The nature of Eμ/CTCF interactions

Eμ interaction with IGCR1-associated CBEs or VH region-associated CBEs has substantially different functional consequences. On WT alleles both Eμ and IGCR1 are necessary to bring a pre-folded VH region into proximity of the 3’ IgH domain that contains DH and JH gene segments. Mutation of either of these regulatory sequences disrupts distal VH to D/JH association as well as increases distal VH sterile transcription (Figures 6B, S9, (Gerasimova et al., 2015; Verma-Gaur et al., 2012)). By contrast, Eμ interaction with proximal VH region CBEs (on IGCR1-mutated alleles) leads to highly specific activation of the nearest VH gene and loss of distal VH proximity to the D/JH domain (Figures 4 and 6). We infer that interaction of Eμ with IGCR1 permits flexibility that is essential to generate a diverse repertoire, whereas Eμ interaction with proximal VH CBEs is functionally precise.

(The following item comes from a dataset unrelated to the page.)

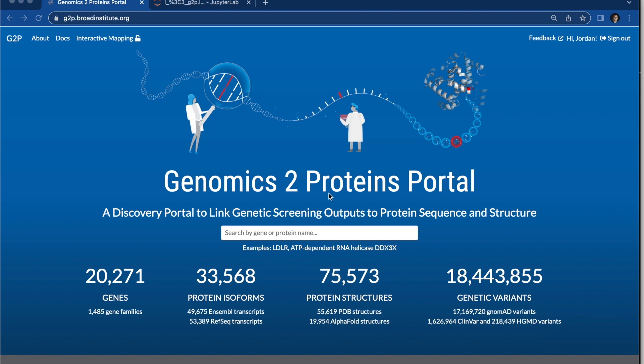Hi, welcome to the next tutorial on genomics to proteins portal. For this tutorial, we're going to look at the protein feature viewer.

Our observations are consistent with the idea that Eμ and IGCR1 together present a composite interface that serves as a bridge, or linker, to distal VH genes, whereas proximal VH CBEs serve only as classical boundaries to limit Eμ activity. One possibility for the different outcomes of Eμ interaction may be the organization of CBEs, with IGCR1 containing two oppositely-orientated CBEs compared to single CBEs associated with each proximal VH gene segment. The highly specific functional interaction of Eμ with the closest CTCF site on IGCR1-deficient alleles evokes the recently proposed loop-extrusion model for choice of CTCF interacting sites (Goloborodko et al., 2016; Rao et al., 2017). It will be interesting to ascertain whether Eμ orientation plays a role in the site selection process as has been proposed for CTCF sites. The functional complexity of CTCF associations with enhancers revealed here may apply more broadly in specifying tissue-specific gene expression.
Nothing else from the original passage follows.